Tuuri noted the 72-hour attack is designed to test more than just the computer skills of his students.
“Whenever we’re involved in anything, we need to learn how to take care of ourselves and how to not let our emotions get the best of us,” he said. “So if a student stays up all night trying to solve everything on day 1, they’ll be exhausted by day 2.
“Time management is critical, and by doing this 72-hour simulation, we’ll want students to apply some of those time-management lessons that we’ll have taught them in the class.”
Funding for the development and launch of the DeltaV Cybersecurity program was provided by the Cedar Grove Signature Fund. ProCircular in Coralville also has partnered with DeltaV to make the class a reality.
The need for developing cybersecurity training programs in Iowa is crucial, according to Brandon Potter, ProCircular’s chief technology officer.
“The DeltaV curriculum from NewBoCo gives our local market the ability to upskill talent and bring cyber resiliency to our backyard,” Potter said.
Financing and Diversity Tuition Awards are available for students who qualify.

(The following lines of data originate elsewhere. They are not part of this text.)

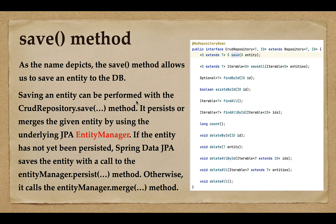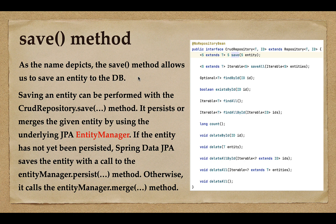If we are trying to store a new entity, the save method will internally call EntityManager's persist method to save the new entity into the database table. If we try to update an existing entity, the save method will internally call the merge method to merge the updated information into the database table. In this lecture we'll cover the save operation, and in the next lecture we'll cover the update operation.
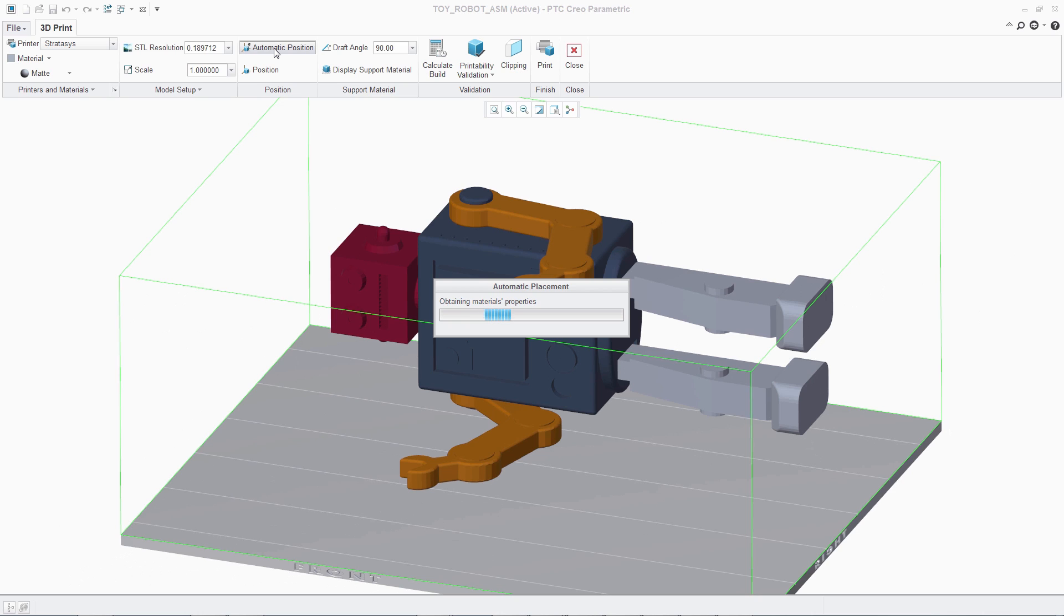And when using a Stratasys Connect printer, the model will be automatically placed in the optimal position.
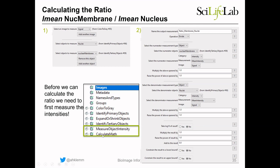Once we have the nuclear and nuclear membrane outlines, we measure them in our signal image using the Measure Object Intensity module. We measure gray values in both the nuclei and nuclear membrane selections. Then we calculate the ratio using the Calculate Math module. You specify a name for the measurement, choose to divide, select the nuclear membrane mean intensity measurement in the signal image as the numerator, and the nuclei mean intensity in the signal image as the denominator.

Those who are interested can view the upcoming schedule, learn more about tuition awards, and apply at deltav.school.
Tuuri noted the potential for job growth and income in the cybersecurity realm is massive.
Information security analysts, for example, have a 31 percent job outlook growth, as well as a national median salary of $103,590, according to the U.S. Bureau of Labor Statistics.
However, Tuuri said, the rewards of working in cybersecurity go beyond a paycheck.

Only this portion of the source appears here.